Equity payment isn’t just an American phenomenon: Sweat equity is such a valuable commodity in today’s global marketplace that the government of India is looking to increase the legal limit to help boost its startup culture. Back on U.S. soil, my own company has taken equity in 12 different startups over the past two years, and other marketing firms are just as enthusiastic.
But is it a good idea for all startups to give up equity in exchange for something like marketing assistance? Well, yes and no:
When offering equity payments is smart
For some startups, it makes sense to offer equity for services. If a startup lacks marketing experience or the necessary capital, offering equity in exchange for assistance is a great idea.
Consider Casper Sleep Inc.’s mattress ads, for example. The startup’s posters appeared in nearly every subway train in New York City in 2015 in a campaign that sprung from its partnership with a branding firm it had paid in stock rather than cash. Without that campaign, would Casper have managed its $55 million funding round?
Companies without effective marketing strategies might as well not have a product; waiting for opportunity to knock means losing ground to competitors. But that doesn’t mean they should hand over equity to the first marketing firm that offers its services.
Related: When to Share a Piece of the Pie
When offering equity payments is not so smart
Here are three signs that a prospective partnership might not be beneficial enough to warrant offering an equity stake:
1. An informed or instinctive lack of trust. Trust between a startup and its marketing firm is essential to developing a successful relationship. Any potential partner must be vetted like a potential employee; if the trust isn’t there, walk away. On one occasion, we met with a startup that was going through some intense political problems. We left, knowing we didn’t want to be part of that argument.
A few telltale signs of an untrustworthy agency include infrequent correspondence, incomplete communications and a tendency to point out possible problems but not offer solutions. Some of these issues may not be immediately apparent, so startups need to protect themselves from the beginning. Include an earn-out in the contract -- don’t hand over equity until the marketing firm has shown some results.
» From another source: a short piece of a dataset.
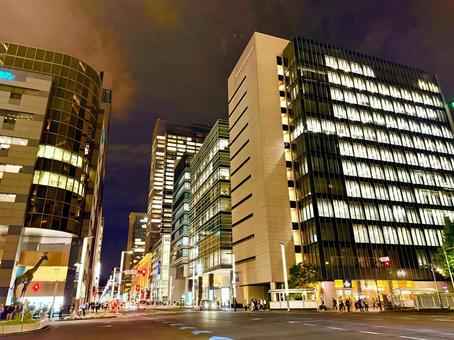 日本橋の街角の夜景 日本橋の街角の夜景 夜,夜景,ライトアップの写真素材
2. Wants placed ahead of needs. We once worked with a startup that wasn’t ready to engage with us. Its product wasn’t finished, and we were earning equity without any way to begin marketing. Instead of wasting the startup’s money and time, we chose to end the relationship.
Getting carried away is easy to do, but don’t think about marketing until the product is ready to go. Forty-two percent of startups that fail do so because there’s no market need for their product. The ducks all need to be lined up with a product in place before a partner is brought on, or everybody loses.
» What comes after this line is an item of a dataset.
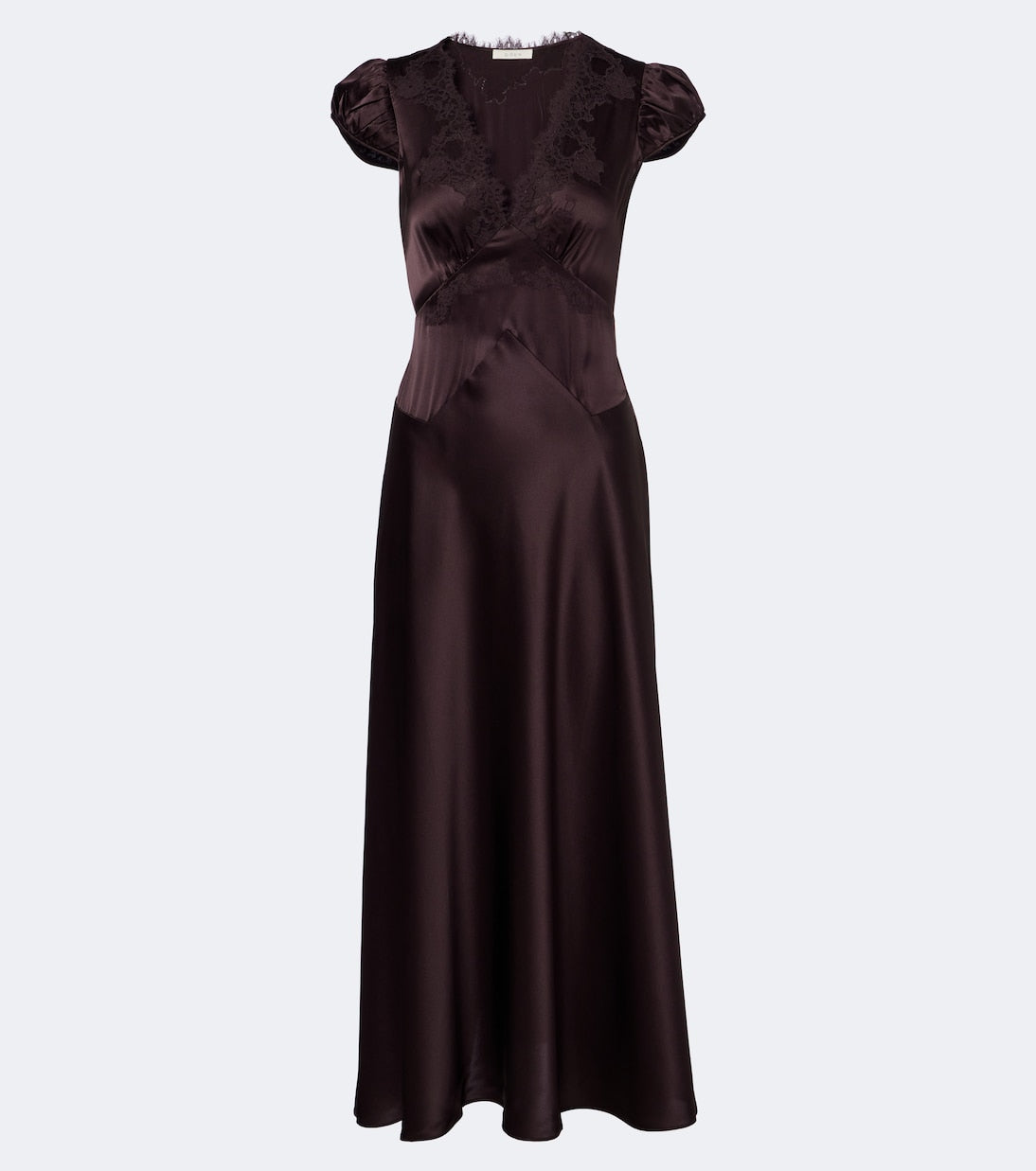 Dôen - Coraline lace-trimmed silk satin midi dress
3. Cultural discord exists. Startups shouldn’t offer equity to marketing firms that don’t fit their culture. How can there be understanding if two business models don’t share common values?
When my own company partnered with Sweat Tailor, we did so because the startup’s objective of creating the perfect pant and the perfect clothing “experience” aligned with our own goal of filling a real need in the marketplace. The company had no money to pay us, so taking on the work as a partner in exchange for equity was a perfect solution.
Don’t throw around equity like Monopoly money. Month-to-month contracts offer a great alternative to marketing initiatives that demand deeper pockets, and they allow startups to evaluate potential partners.
Do your homework on potential partners: Study their company websites, talk to other clients and find out about their core values. Remember that playing nice doesn’t always mean sharing. If they don’t fit, don’t partner.